The tail end, the open source software that I build, that most engineers build, is a career enhancement.
In November 2013 I flew over to the US and visited the Mozilla offices in Mountain View, California for a day full of job interviews. I think I did seven of them, back to back, over the course of that day.
In most of the interviews, we soon touched the fact that I was the main author of curl, I knew my way around HTTP and client networking and got into talking about specific problems or challenges of the day. They knew I knew HTTP, networking and Open Source as I had already shown that in the public for years. They mostly needed to also check if I would work socially in a team in the real world. I got the job.
— Daniel Stenberg, Uncurled
I agree with Glyph: software should be way more expensive than it is. But notice that Glyph, just like Daniel Stenberg, don’t maintain open source software only out of the goodness of his heart.
They build it because it makes their job easier.
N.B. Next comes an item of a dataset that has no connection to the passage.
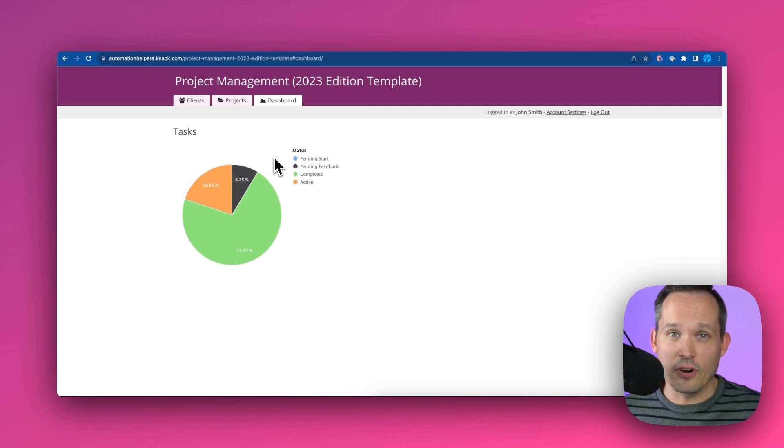I hope this was helpful for you to see how Knack can really pack a punch being both your front end and back end of your no-code application builder. Get started for your free trial today by using the link in the description below.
The good thing about open source software is that it’s reusable intellectual property. Consultants can work for one company using it, then move on, and use it to do consulting for someone else. Open source software is great because talented engineers can work where people can see them, on something they can show, and something they can keep.
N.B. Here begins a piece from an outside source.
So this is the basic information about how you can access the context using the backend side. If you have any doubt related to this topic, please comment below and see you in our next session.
But even if you’re not a consultant, open source is still great. It’s an emblem of your technical prowess, a token of your talent. It is not mandatory to build free software in your free time, but that is the point: it may offset a weaker career pedigree, or lack thereof.
To bring food to the table; that’s all you have to do. The key mistake is to confuse the sustainability of your hobby with your own. Free labor is inhumane, yes. But in the case of open source software, it is self-inflicted.
Do it at least to make your job easier. Let the FAANGs pretend they do it selflessly.
And let your job sustain the activities of your obsession.
Sure boss,software is eating the world.